I have a HP T450 digital camcorder I bought 2 years ago. The camcorder is working fine, but last summer I took it on vacation with me and accidentally left a mini tripod screwed into it when I packed it up. I took it out and the tripod had broken off of the camera, breaking the socket with it. It looks like the whole socket is part of a whole piece that's connected to the camera with screws, making it seem like if I just replace the part I can get a new tripod socket. I've been searching for months for a place that carries the part I need, but I can't find it. Any suggestions on where to look, or do I need to take the camera to a repair shop to get the piece replaced?


----------



## yustr (Sep 27, 2004)

I assume that you've tried to unscrew the broken piece every way you can think of. A small machine shop might be able to help - they may have tools and tricks that we mere mortals do not. Otherwise you'll be paying a visit the repair shop.


----------



## Crazy-U2_Nin-ja (Feb 12, 2013)

The socket and the whole area around it has been completely broken off, exposing a hole in the camera. The camera still works, but I'd like to get the piece that has the hole in it replaced before something happens because of the hole. I could probably replace the piece myself, as I said, it's just held together by 2 screws and it looks like replacing the piece would fix the hole.
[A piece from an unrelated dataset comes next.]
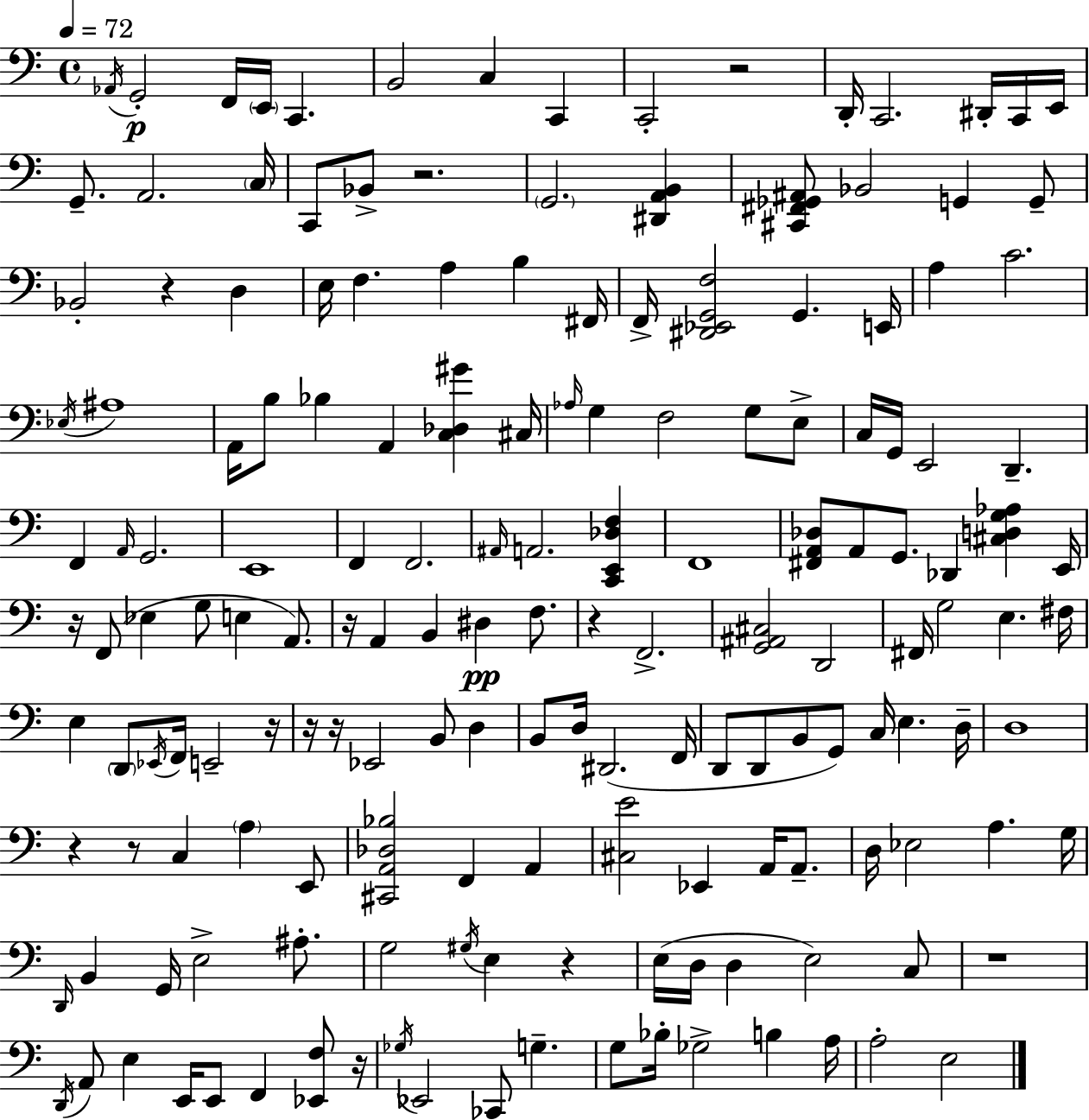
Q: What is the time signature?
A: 4/4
But I can't find the piece anywhere.


----------



## WereBo (Apr 5, 2008)

Hi Crazy-U2_Nin-ja :wave:

I suspect you'll need to contact HP for the specific part :sad:


----------



## yustr (Sep 27, 2004)

Another option would be to try to find another unit that's broken in some other way. Offer the owner a couple of coins and you'll have a donor unit. Probably not the most practical solution but if HP won't help...


----------